Tester is approached by a rich white man named Robert Suydam, who offers to pay Tester an exorbitant amount of money
to play guitar at his party, and becomes ensnared in a supernatural mystery that leads him to the edge of reality. From this
precipice, Tester reinvents himself as Black Tom, an omnipotent sorcerer who exacts revenge against those (Caucasians)
who have murdered his father and discriminated against him his entire life.
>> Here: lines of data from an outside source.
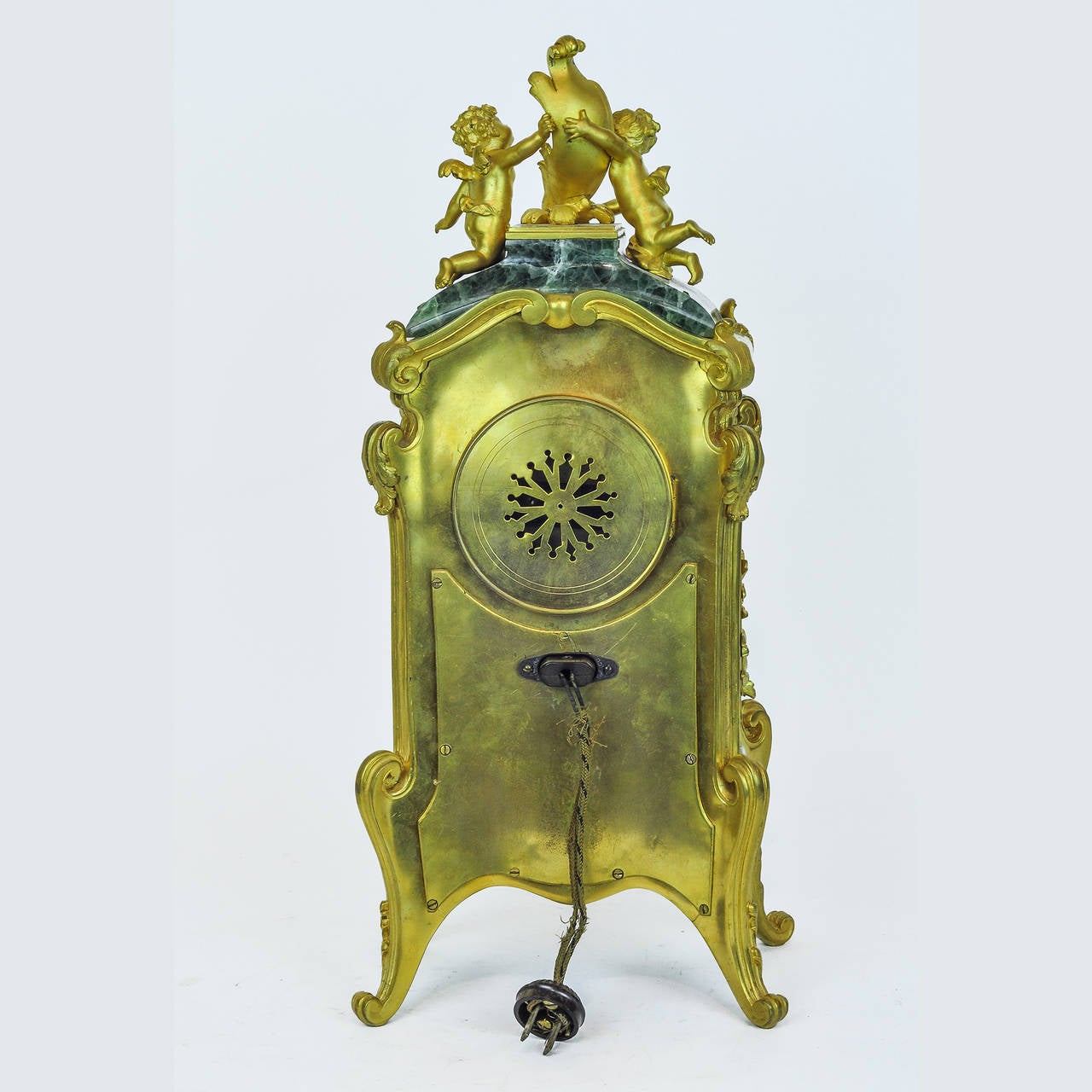 Unusual Louis XV Style Marble and Bronze Figural Mantel Clock
Stock Number: CC14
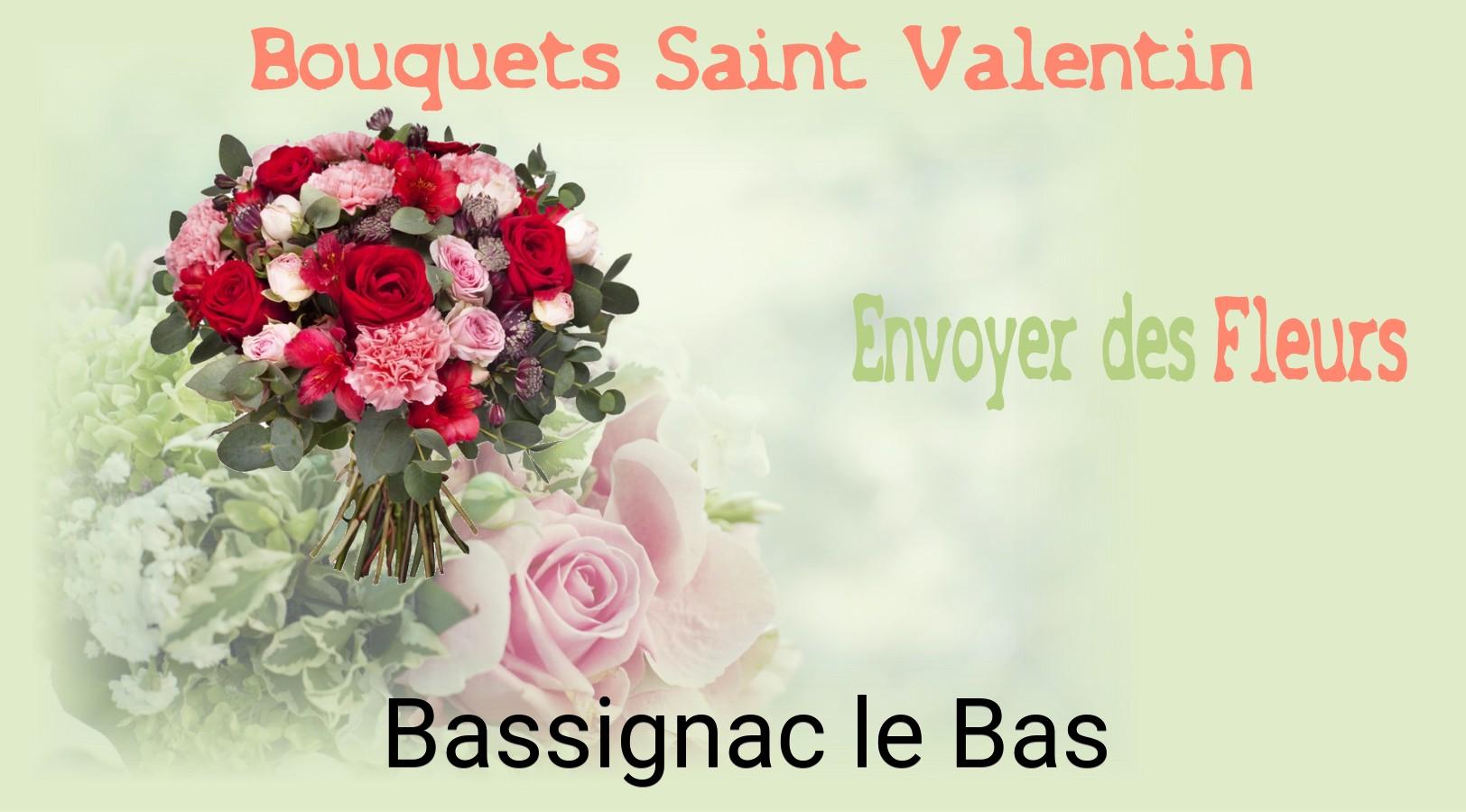 Roses de Saint-Valentin livrées à Bassignac-le-Bas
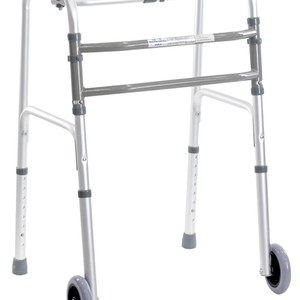 Déambulateur pliable en alliage d'aluminium Huahai Overseas Walker Hy811l avec roues, aide à la marche portable - Product Image 4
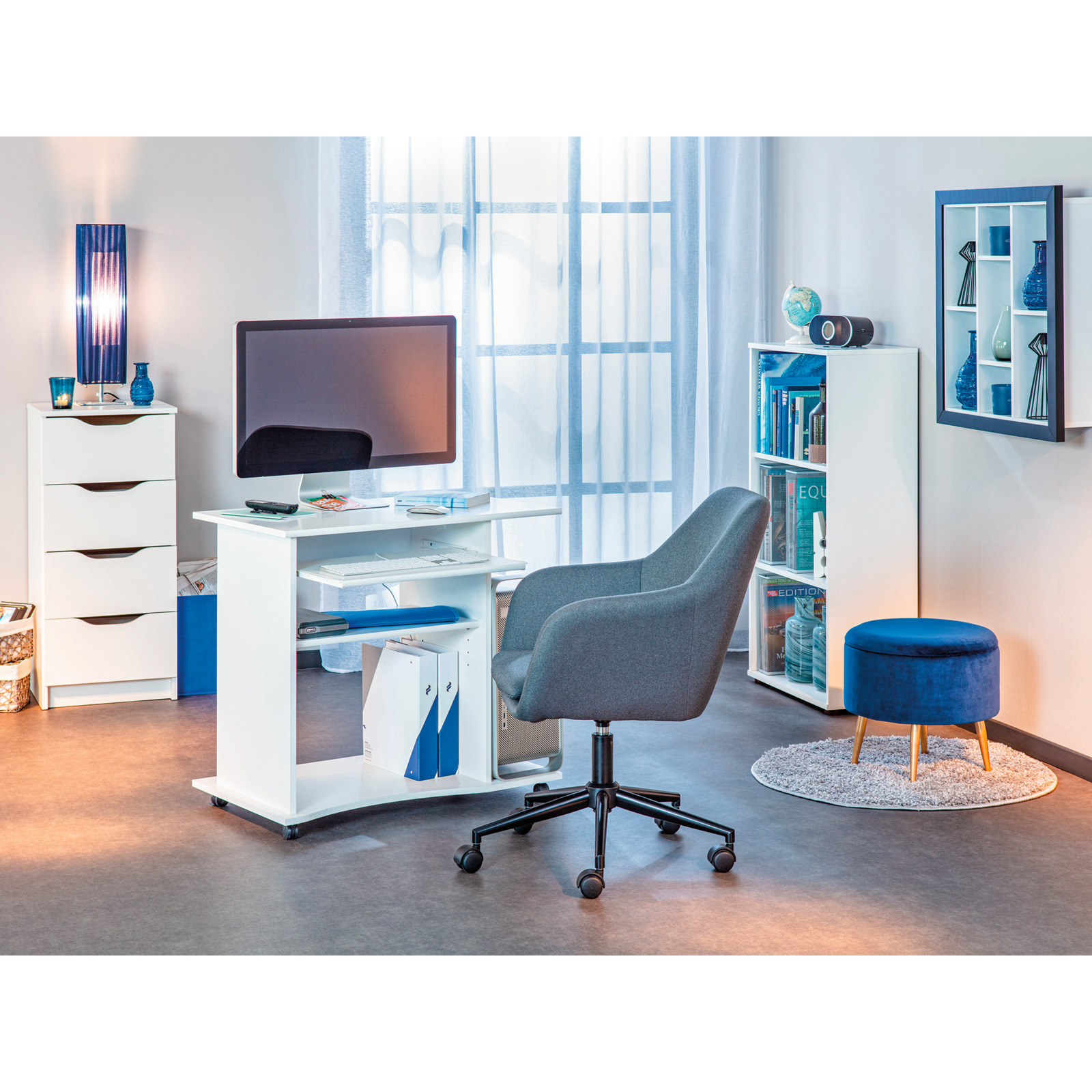 Schreibtisch Pepe Dekor weiss 80 x 75 x 50 cm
The Ballad of Black Tom is LaValle’s homage to H.P. Lovecraft, one of the most significant horror writers of the 20th
Century. LaValle dedicates the novel to Lovecraft, yet in the dedication he makes clear that he does so with “conflicted
feelings,” a reference to his disdain for Lovecraft’s racist worldview. Lovecraft often focused his fictions on dark energies or
horrors symbolizing fear, and his fear of the “other” is a common recurrence in both his fictions and other writings (see, for
example, his poem “On The Creation of Niggers” for more on that). LaValle’s take on Lovecraft proves to be a tightly
woven, mind-bending journey into a rich world that Lovecraft’s bigotry prevented him from creating.

With The Ballad of Black Tom, LaValle re-appropriates Lovecraftian horror to convey the pain of the black experience in
America. In shifting the source of cosmic terror from bigoted misanthropy to racial injustice, LaValle relocates a nihilistic
phenomenon inside a sociopolitical trauma that has recently gripped American society.
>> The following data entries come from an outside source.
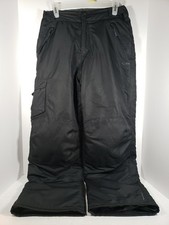 Champion Boys C9 Snow Pants XL 16-18 Adjustable Waist Reinforced Knees, Black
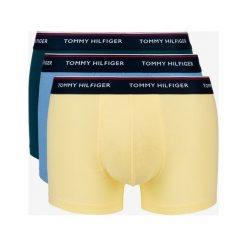 Tommy Hilfiger 3-pack Bokserki Niebieski Zielony Żółty. Żółte bokserki męskie TOMMY HILFIGER, bez wzorów, z elastanu. Za 188,95 zł.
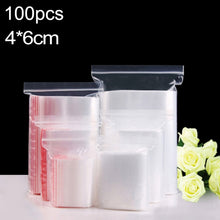 Load image into Gallery viewer, 100pcs/pack PE Self Sealing Clear Zip Lock Packaging Bag, 4cm x 6cm, Custom Printing and Size are welcome, 4*6cm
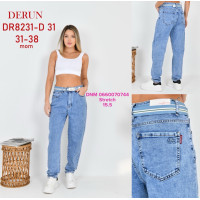 Derun Мом джинси блакитного кольору Mom fit 31-38 8231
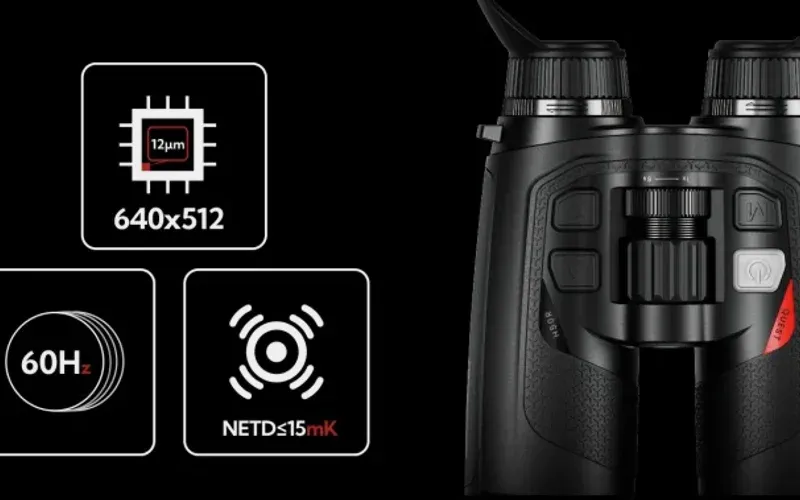 Night Hunting Best Aid Nocpix Quest H50R Thermal Imaging Binoculars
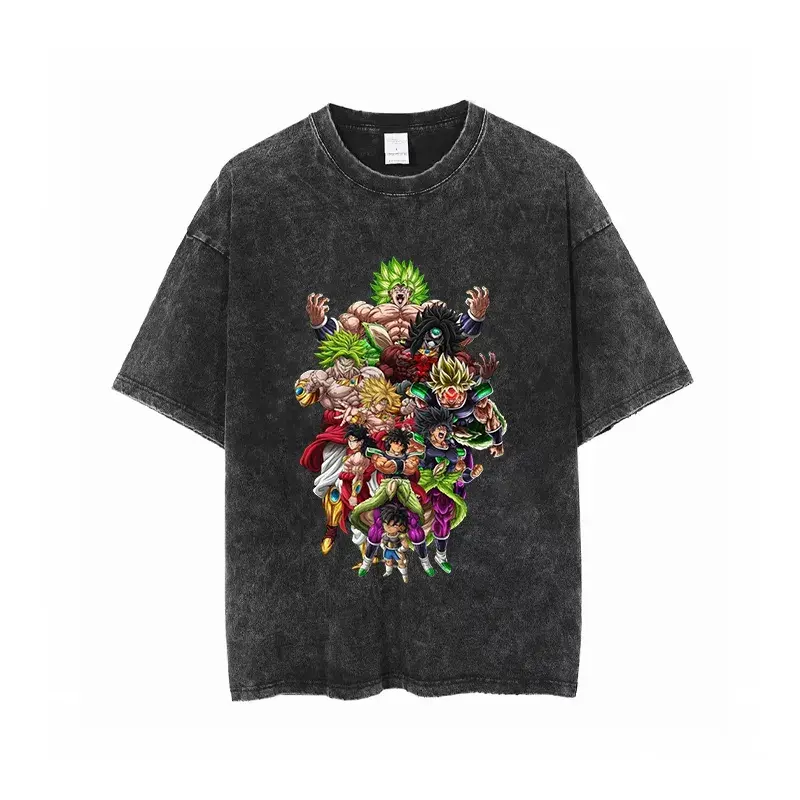 Thumbnail: One Piece / Naruto / Dragon Ball / Demon Slayer loose-fit T-shirt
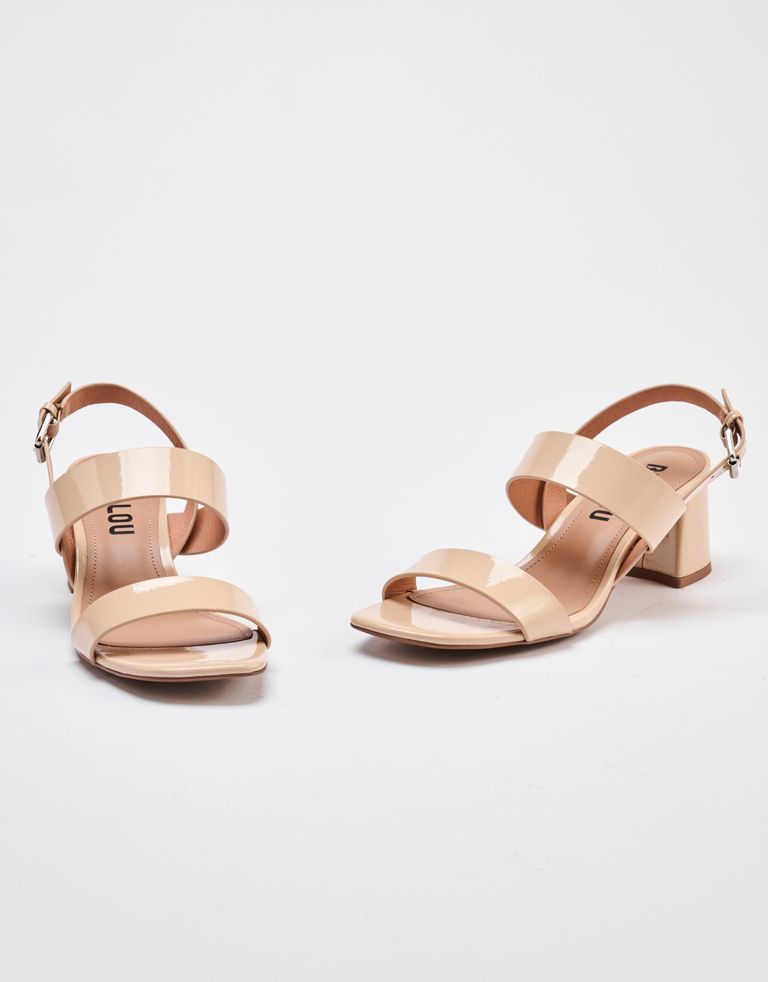 נעלי נשים - Bibi lou - סנדלים עם עקב ZARA - בז'3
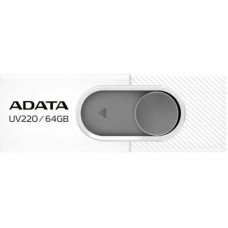 Флэш-драйв A-Data 64GB UV220 USB2.0 бел/серый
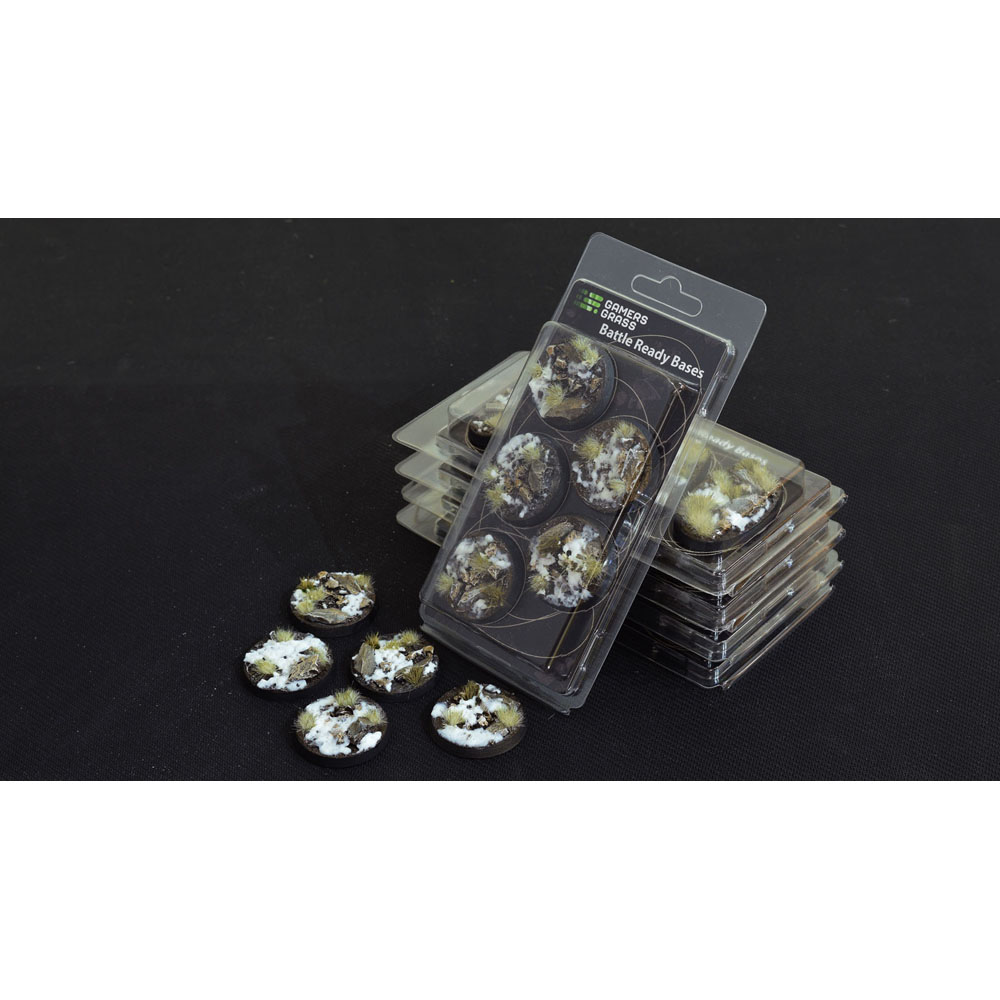 Battle Ready Bases: Winter - Round 40mm (5)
Tommy Tester gravitates toward dark magic to seek racially motivated vengeance, and finds that this energy, though
frighteningly evil, gives him more power than a black man in the early 20th century could have ever had. This brilliant
inversion of Lovecraftian horror is the primary way in which Black Tom succeeds in being an excellent novel as well as an
excellent horror novel.
LaValle’s prose shines when he enters the world of the truly fantastic. His equally evocative descriptions of emotions and
supernatural phenomena illustrate just how surreal real life experiences can be. LaValle’s description of Tommy’s reaction
to his father’s murder, for example: “Inwardly he felt the sun close its distance from the earth; it came near enough to melt
the great majority of Tommy’s internal organs. A fire ran through his body…”
This description comes shortly after a scene in Suydam’s mansion: “the windowpanes took on the color, and apparent
depth, of the sea. It was as if Tommy Tester and Robert Suydam, standing in this room, in this mansion, in the city, were
also peering down at distant waters elsewhere on the globe.” Though Black Tom does have moments of cliché (“mystery
lingered in the air like the scent of the scorched book”), these moments are few and far between. The vast majority of
LaValle’s prose is as powerful as it is imaginative.

The Ballad of Black Tom is a gorgeous Mobius strip of a novel that uses magic, horror, and history to create a lens through
which the injustices of the modern day are alarmingly evident. In completely departing from “literary” fiction, Victor LaValle
has shown us just how resonant “genre” fiction can be.